手加減しない魔法が飛び交うから、覚悟してね」
「「「はい!!」」」
「二つ目は、登下校のこと」
「登下校?」
「さっきも、国立魔法科学研究所の所員に気をつけてって言ったけれど、どうも、学校周辺では、他にも疑似魔法を悪用する一般人がうろついていて、事件が相次いでいるらしいの。
この制服だと魔法少女だとバレバレだから、挑発されるわよ」
「ああ、なるほど。
それにしても、研究所所員以外に一般人にも気をつけなければいけない。
なんだか、人間不信になりそうです」
「もし遭遇しても、身の危険を感じるとき以外は、決して魔法で応酬しては駄目。
ずる賢い一般人は、法律を盾にするから。
私たち、すぐカッとなって応酬するけれど、今回転校させられたことを思い出して。
――あっ、カナちゃんを責めてはいないわよ。
悪いのは、私もマコトもイリヤも同じ。
相手の挑発には、とにかく我慢よ」
「「「はい……」」」
「それから、最後に。
これらの対策もあって、お母様が、登下校用に自動運転の車を4台、護衛に使用人を1台に付き一人、合計四人分用意したわ。
蜂乗家専用の高級車よ」
「それまた、厳重ですね」
「各自の小型端末にアプリをプッシュしておいたから、それを音声で起動して車を呼び出してね。
使用人も一緒に乗ってくるから。
車の入れるところなら、どこにいても迎えに来てくれるわよ。
今度から、学校帰りにどこかへ寄るとか、道草はできないけれど、我慢してね」
「「「はい…」」」
カナの心臓は、キューッと締め付けられた。
「私たち」と言われても、自分が入っているのだ。
「責めてはいない」とフォローされても、事件を起こしてしまった罪悪感は消えないのだ。
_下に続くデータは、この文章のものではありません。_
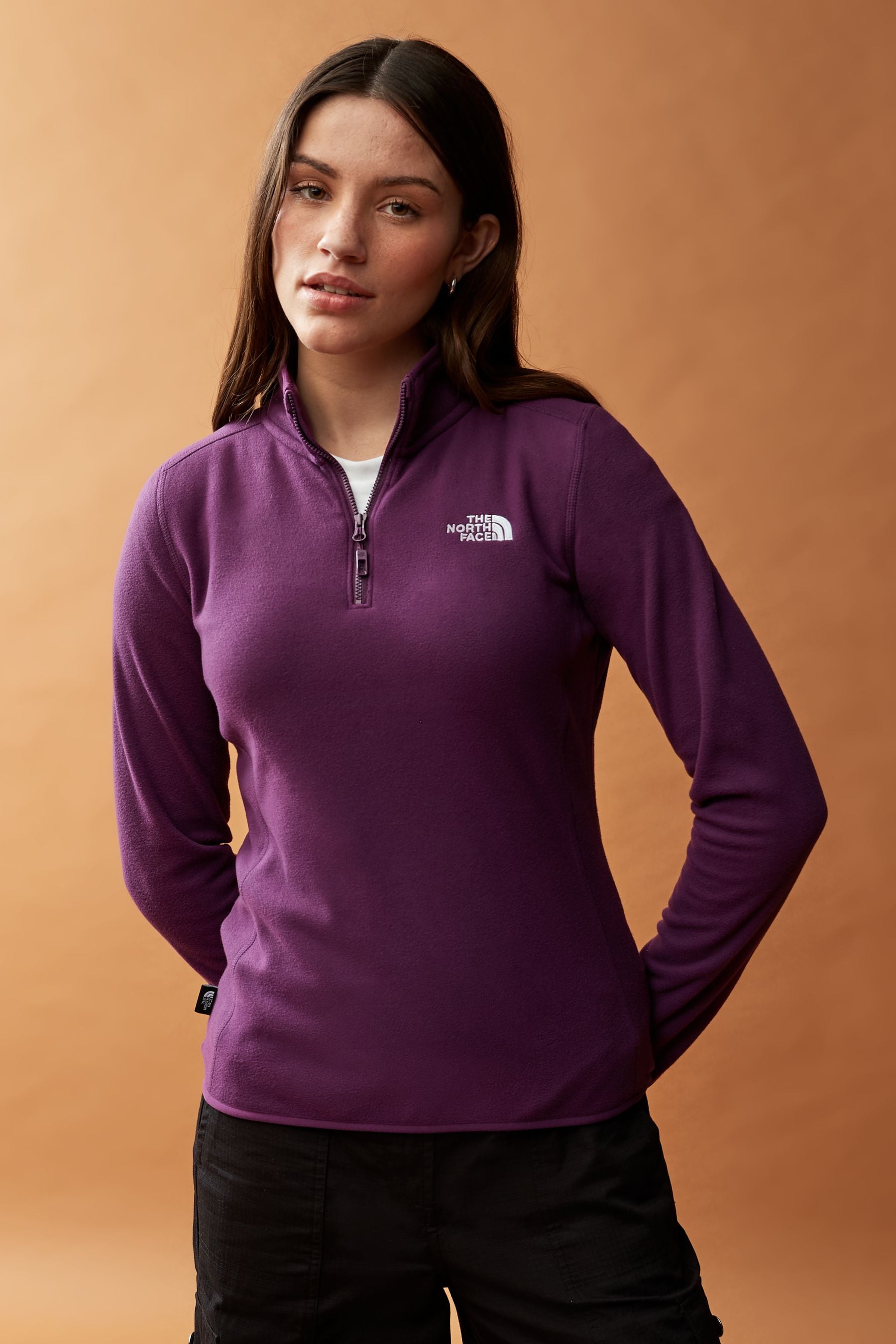 North face women's purple fleece cheap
それに、前からそうだが、長女ミナの前では極度に緊張する。
なぜなら、ミナは、あの怖い母親の跡継ぎ。
蜂乗家の中で、母親に継ぐ権力を持っている。
柔和で、虫一匹殺さないような顔をしていて、得意とするのは攻撃魔法ではなく回復魔法。
心遣いは、慈愛に満ちた天使のように優しい。
だが、実際には、怒りのツボがたくさんあって、うっかりそのツボを押すと、目が大きく開いて手がつけられなくなる。
まだマコトの前なら、話ができる。相談ができる。
イケメンに突き放される感じがするものの、どこかで手を差し伸べてくれる。
接し方が、厳しいながらも優しい父親に近いので、長女ほどの畏れを抱かないのだ。
イリヤは、とにかくべったりくっついてくる甘えん坊さん。
いつも、腕に絡まってきて、しがみついたら離れない。
抱き枕かなんかと勘違いしているように思える。
カナはこんなイリアを、疲れているときは鬱陶しく思うのだが、どこか憎めない。
なので、カナは『末っ子に産まれてくれば良かったのに』とつくづく思うのであった。
「さあ、みんな、練習よ。
車を呼び出して」
マコトは、周囲に人がいないことを確認して、結界を解除する。
ミナのかけ声で、全員が端末を手にして、車を呼び出した。
ガラス戸の向こうは、さっきまでの雪がすっかり上がり、彼女たちはエントランスで雑談をしながら、使用人が迎えに来るのを待っていた。